Our phone chat #1 – Jan

Maria: Hi Jan, thank you for participating in our community project called “Our phone chat”. Everyone has a story worthy to be told and, in this project, we are going to chat about your epilepsy story and how epilepsy has impacted on your life.

Please tell me a bit about yourself.

Jan: I was born in the Waikato to farming parents straight after the war in 1946. Growing up on the farm was hard work but I enjoyed milking the cows and helping out. It wasn’t until I was 16 years old that I developed epilepsy. We couldn’t work out why that happened but I grew quite quickly and there was some thought that I had grown too fast at that time. I don’t know. It was quite strange.

Maria: Can you please tell me about your seizure types and how you felt about your diagnosis?

Jan: My seizures seemed to change within six months of me having my first seizure. Apparently, on my first seizure I wandered out of my bedroom in the middle of the night turning around in circles. I could hear my parents talking to me but I couldn’t control what I was doing. I remember feeling quite frightened but my mother was quite a no-nonsense, calm person and this had a positive effect on me being able to cope.

About six months later I started having the so-called ‘grand mal’ seizures, and I was diagnosed with epilepsy and put on medications. That would have been back in 1965.

I wasn’t disturbed by this epilepsy diagnosis and I immediately worked out for myself how I could be safe at all times just in case I had a seizure. I wouldn’t have a bath, preferring to shower. Nor would I go swimming. I worked out that my seizures happened between 8 and 10 o’clock in the mornings so I decided that I would move into town (Hamilton) to find a job where I could go to work later in the day. I got a job in the health clinic at the YMCA, which was the first gym for ladies, working as a masseuse. I wasn’t embarrassed meeting others and I never had a seizure during my time at work. I did that job until I got married.

During my early days living in Hamilton I boarded with others and that is where I met my future husband. I was married at 20 and my husband was not at all worried about my epilepsy. We have now been married for 53 years.

When we settled down together, we made sure that we chose a home somewhere near a bus stop so that I could remain independent. Being independent was really important to me, even when I became pregnant with my first child. I never saw epilepsy as a barrier for me being able to do anything in life and I think that positive attitude came from my mother. I thank her for making me strong.

Maria: How was your pregnancy with your first child?

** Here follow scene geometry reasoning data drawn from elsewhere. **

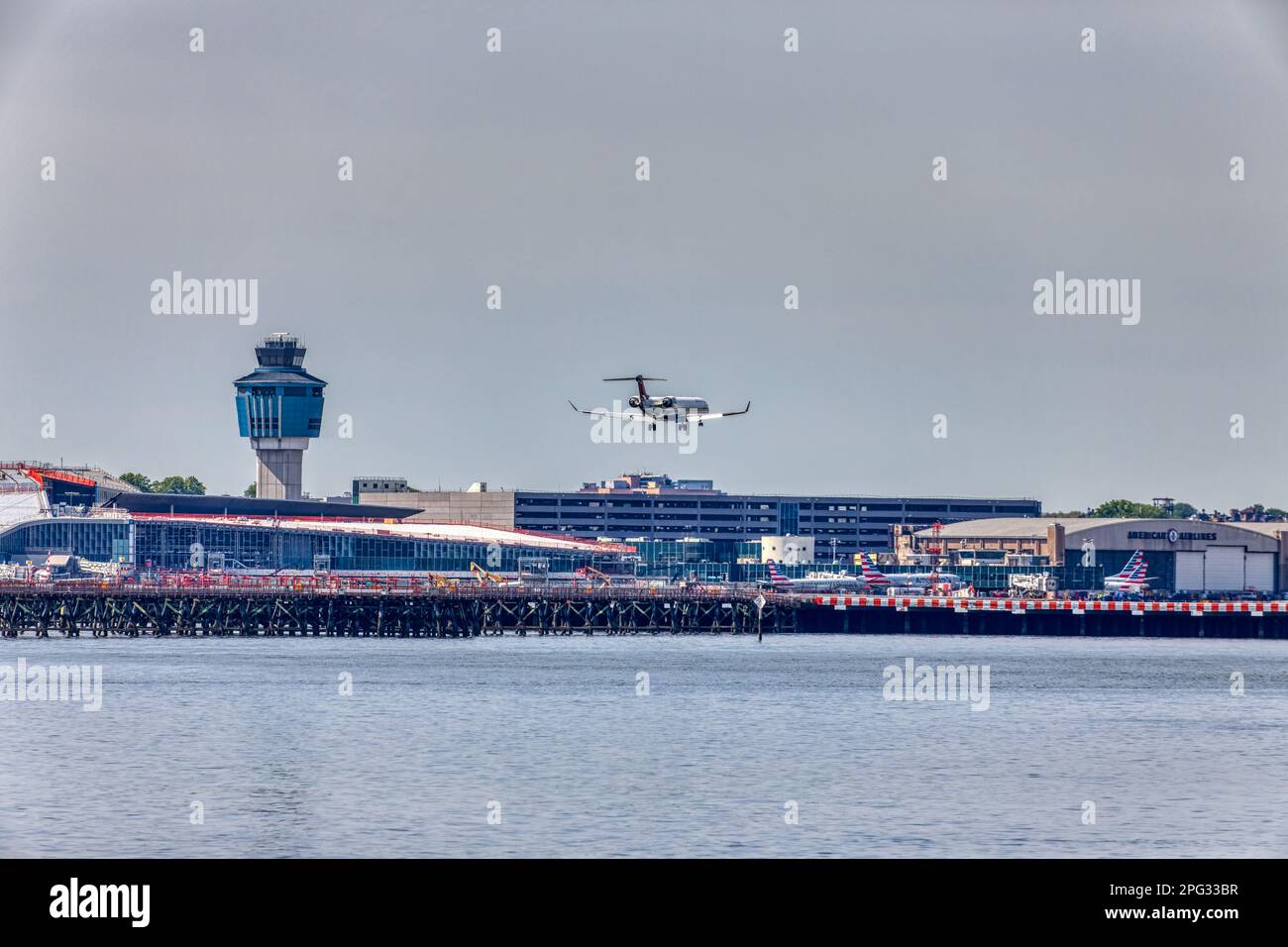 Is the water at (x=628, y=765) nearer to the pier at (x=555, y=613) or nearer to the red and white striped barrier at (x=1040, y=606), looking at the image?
the pier at (x=555, y=613)

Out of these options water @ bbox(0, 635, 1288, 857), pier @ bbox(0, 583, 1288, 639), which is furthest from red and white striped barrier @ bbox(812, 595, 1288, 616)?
water @ bbox(0, 635, 1288, 857)

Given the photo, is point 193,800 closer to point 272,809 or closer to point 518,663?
point 272,809

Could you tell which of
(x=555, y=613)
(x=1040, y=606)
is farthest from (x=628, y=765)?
(x=1040, y=606)

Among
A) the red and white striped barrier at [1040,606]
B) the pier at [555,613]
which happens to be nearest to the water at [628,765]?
the pier at [555,613] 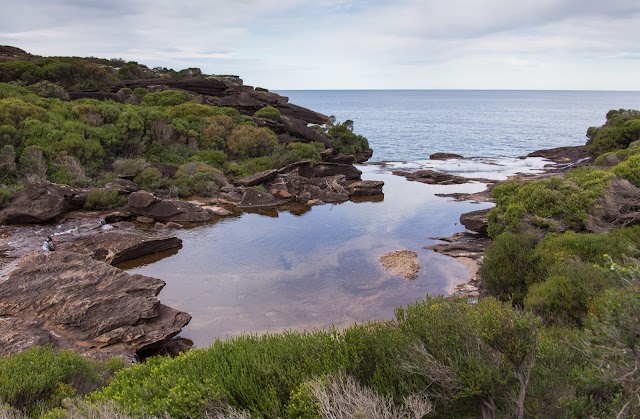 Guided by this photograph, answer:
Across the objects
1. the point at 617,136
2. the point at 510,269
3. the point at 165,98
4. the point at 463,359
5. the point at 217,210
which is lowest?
the point at 217,210

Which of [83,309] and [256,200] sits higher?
[83,309]

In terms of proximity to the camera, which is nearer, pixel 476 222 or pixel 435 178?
pixel 476 222

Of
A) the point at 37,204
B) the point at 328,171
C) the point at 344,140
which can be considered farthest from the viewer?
the point at 344,140

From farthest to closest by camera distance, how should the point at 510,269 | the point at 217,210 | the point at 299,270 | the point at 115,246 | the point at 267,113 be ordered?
the point at 267,113 → the point at 217,210 → the point at 115,246 → the point at 299,270 → the point at 510,269

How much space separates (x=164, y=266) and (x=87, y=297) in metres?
6.88

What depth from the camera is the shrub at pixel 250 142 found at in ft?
152

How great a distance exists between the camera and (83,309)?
45.3ft

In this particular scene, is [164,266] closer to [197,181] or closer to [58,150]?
[197,181]

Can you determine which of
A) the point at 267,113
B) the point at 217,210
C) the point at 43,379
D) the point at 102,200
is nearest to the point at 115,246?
the point at 102,200

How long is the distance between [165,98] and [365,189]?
29764mm

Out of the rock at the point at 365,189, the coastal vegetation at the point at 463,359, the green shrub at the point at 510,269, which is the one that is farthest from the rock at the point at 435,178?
the green shrub at the point at 510,269

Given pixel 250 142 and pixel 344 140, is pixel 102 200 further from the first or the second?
pixel 344 140

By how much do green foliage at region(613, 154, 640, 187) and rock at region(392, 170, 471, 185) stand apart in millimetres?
22148

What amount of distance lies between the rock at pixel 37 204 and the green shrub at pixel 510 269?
2253 centimetres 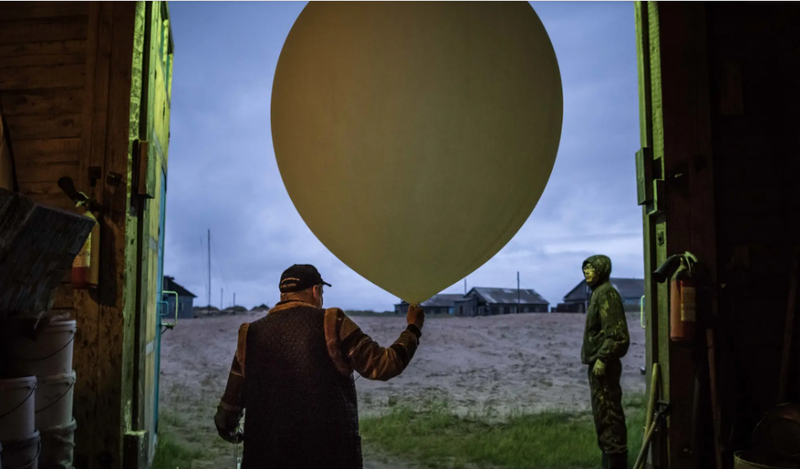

Jan: I had more seizures! I discovered that I was okay lying down but, as soon as I stood up, I had a seizure. I ended up by having to stay in the hospital for several months in the middle of my pregnancy to be cared for. I went back to the hospital again when my GP delivered
my baby son. GPs used to deliver babies in those days. Interestingly, my son was unable to speak for several years with a condition called aphasia. The doctors believe that he may have had a stroke when I was carrying him.

Maria: How did you manage with your new-born son at home?

Jan: From memory, I didn’t have many seizures at all once my baby was born but I still put in place important safety measures just in case I had one. I had to cope on my own during the day when my husband was at work.

I never carried my baby around, especially before 10 O’clock in the mornings. I made sensible decisions because I didn’t want drastic things to happen. My husband always bathed the baby when he was home.

I think that I coped really well and, less than two years later, I gave birth to a little girl, who incidentally has epilepsy. I had an easier pregnancy with her and with no seizures. With two little ones to look after I made sure I rested when they did.

Maria: Please talk about those early years at home with your children?

Jan: I had a normal busy life as a mum. I attended kindy meetings and I became involved in my community but my seizures returned and it always happened around my menstrual cycle and so I asked for a hysterectomy, which sounds rather drastic but it solved the problem. I changed for the better overnight and I haven’t looked back.

Once my children were both in school, I went back to work, demonstrating sewing machines at a furniture store. I really enjoyed that job and I felt that I was achieving in life and I wasn’t just a mother at home. I later went to work in a cafeteria before setting up a successful business with my husband growing vegetables.

Maria: Looking back on your life how do you feel about having epilepsy?

Jan: Over the years my seizures have become less and less. I think that my hormones have played a part in it. Could that be the reason? Every year I also have trouble adjusting to daylight saving! It really mucks me up and makes me feel tired.

I feel quite positive as I have always made a point of being sensible with my decisions. I learnt all there was to know about epilepsy when I needed information and I have had great support from my husband. We both joined the local epilepsy organisation back in the 1960s and we have been involved ever since.

I have had a lot of drive to do well in my life and I am really happy with that.

Maria: What take home message would you like to give people about epilepsy?

Jan: I would like people to be positive in their own ability to do things for themselves and not to feel disadvantaged by having epilepsy. Epilepsy need not be a barrier to a good life. Have pride in yourself and find the courage to do well. I suppose that has come from my mother’s attitude towards my epilepsy. I could never give her an excuse for why I couldn’t do anything!

Maria: Thank you Jan. I have appreciated our chat.